Revise lobbyist regulations: With the siting of the Grayville Prison, the contract for vehicle stickers and computer systems, and bids for McPier construction projects, criminal shakedowns were cloaked with legitimacy by pretending the payoffs were lobbying fees. Larry Warner, Alan Drazek, Don Udstuen, and Ronan-Potts were all convicted of illegal activity disguised as their constitutional right to petition government. The public has a right to know more about what lobbyists are doing, which officials they are meeting with, on whose behalf, and how much they are getting paid for that work. Dozens of states and even Cook County require more disclosure from lobbyists; Illinois now has both the opportunity and compelling reasons for doing the same

Improve the 2003 Ethics Act: Astonishingly, Inspectors General still answer to no one but the person who appointed them. While we have no reason to think that any of the current IGs seek to emulate Dean Bauer, there is nothing to stop them from doing so. IGs have yet to refer a single case to an Ethics Commission; every complaint has been dismissed or resolved internally. There has been no oversight, either by the public or the Ethics Commissions, to ensure that IGs are doing their jobs; and IGs can do nothing to demonstrate to the public that corruption is being properly addressed. Too, each IG sets his or her own standards for ethics training, with no input from the Ethics Commission, meaning that every constitutional office determines its own interpretation of the ethics laws and how its staff will be instructed to follow it. Uniformity should be the rule.

Tackle Pay-to-Play: Illinois still has no rules limiting how much state contractors can give to the campaign funds of the public officials who negotiate and sign their contracts. Corporate donations are completely unregulated, even though most other states and the federal government ban such giving, and nearly every state that allows corporate donations limits them. In Illinois, bidders on state contracts, their directors, officers and employees, and board appointees are all allowed to give as much as they can whenever they want to whomever will accept it. That should stop.

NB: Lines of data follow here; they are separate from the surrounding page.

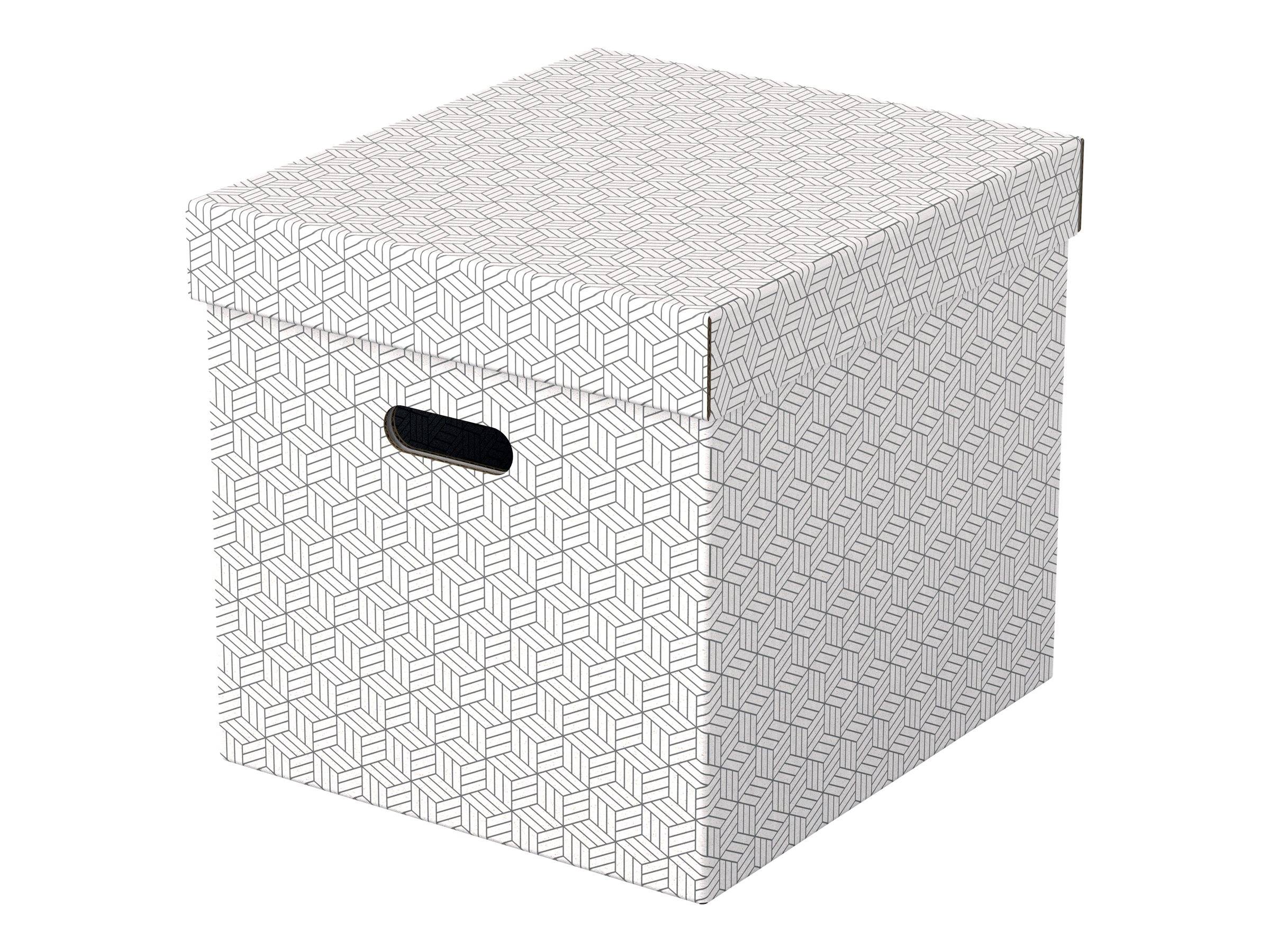 ESSELTE LEITZ - Esselte Cube - Geschenkkarton - 36.5 cm x 32 cm x 31.5 cm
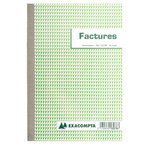 Manifold Factures 210 x 148 mm dupli autocopiant 50 feuillets x 10 EXACOMPTA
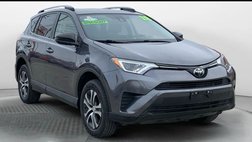 2018 Toyota RAV4 LE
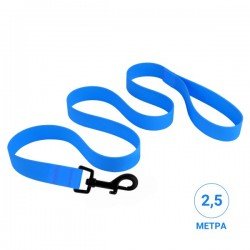 Leash for dogs Bronzedog Active water-repellent Blue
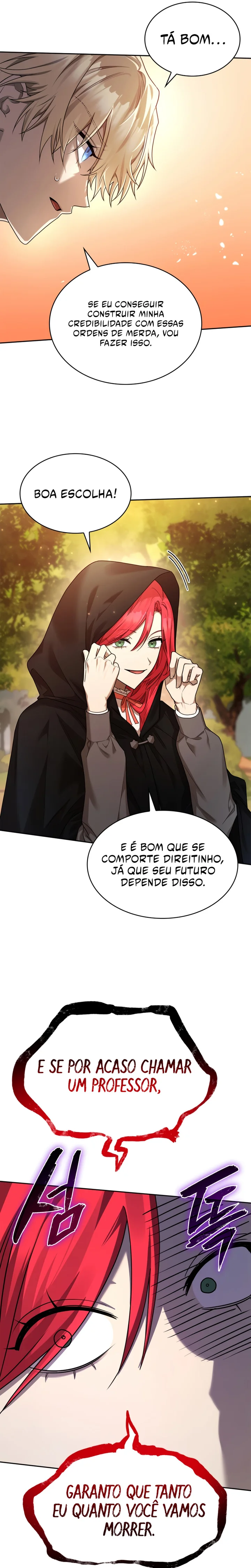 Read The Infinite Mage PT Manga Online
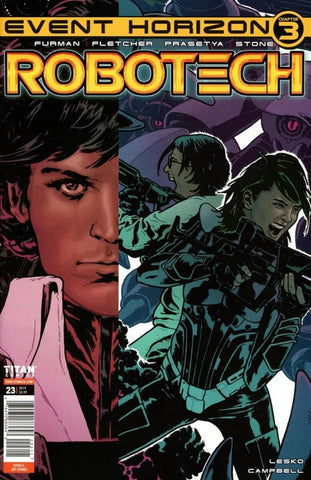 Robotech #23 - Wildstorm - 2019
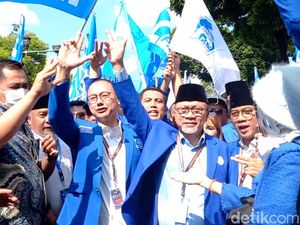 PAN Ikut Gabung KKIR? Zulhas Harap 2 Minggu Lagi Ada Titik Terang PAN Ikut Gabung KKIR? Zulhas Harap 2 Minggu Lagi Ada Titik Terang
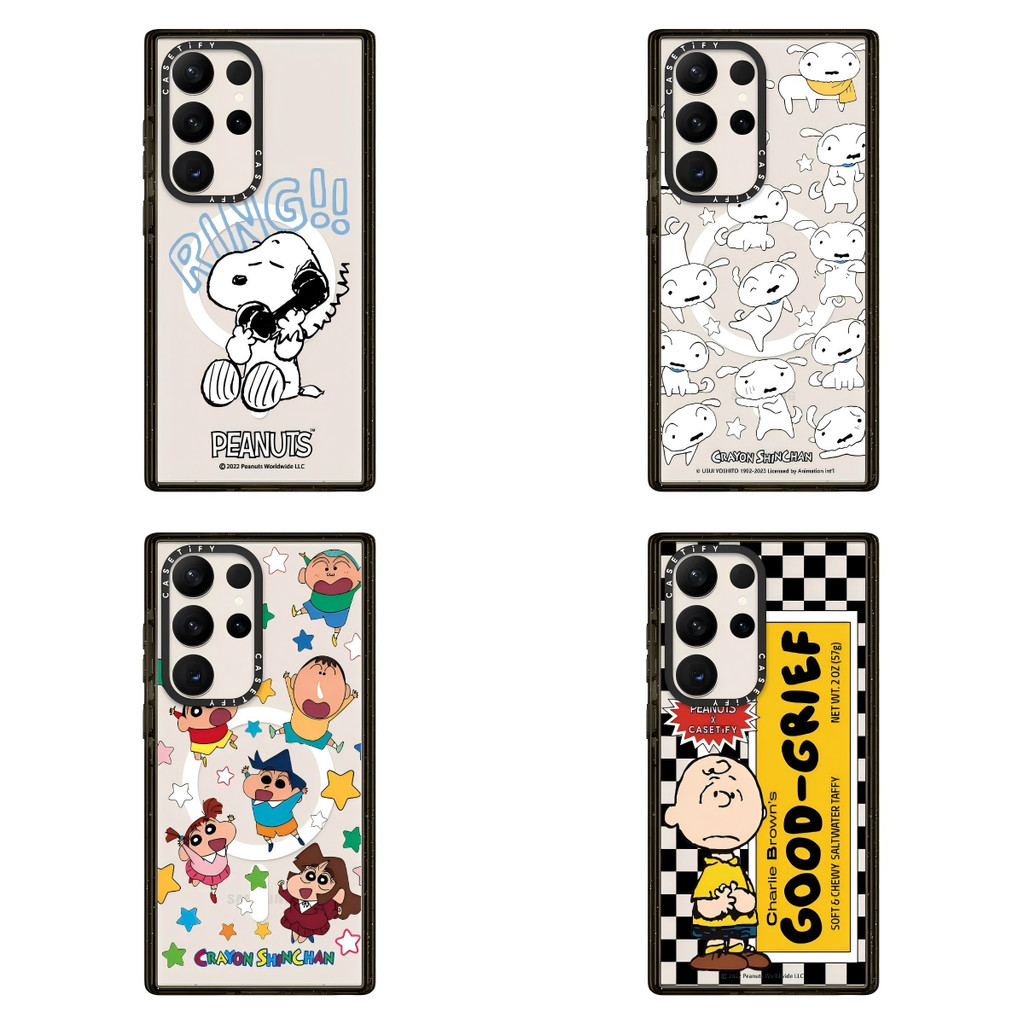 SAMSUNG 2022 Peanuts Worldwide LLC Crayon Shinchan Impactเคสโทรศัพท์สําหรับSamsung Galaxy S22 S23 S2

Adopt contribution limits: Illinois should join with nearly all other states and the federal government in adopting campaign contribution limits and banning direct contributions from unions and corporations.

The U.S. Attorney is limited in what he can do. He can subpoena witnesses, and he can call people before a Grand Jury. But he can’t bring an indictment all by himself, and he can’t convict the accused. Nor, obviously, can he put new laws on the books.

The fundamental problem here is the relationship between money and politics. That’s where the legislature and the public come in. Legislators have moved significant new laws in a very short time before, and the nearness of adjournment should not mean that reform must wait. Bills now pending in the Capitol will address lobbyist regulation, the Ethics Act, pay-to-play, a clean money option for Supreme Court candidates, limiting contributions from large donors, and a host of other pressing needs. Now is the time for Illinoisans to tell their representatives that actions speak louder than words.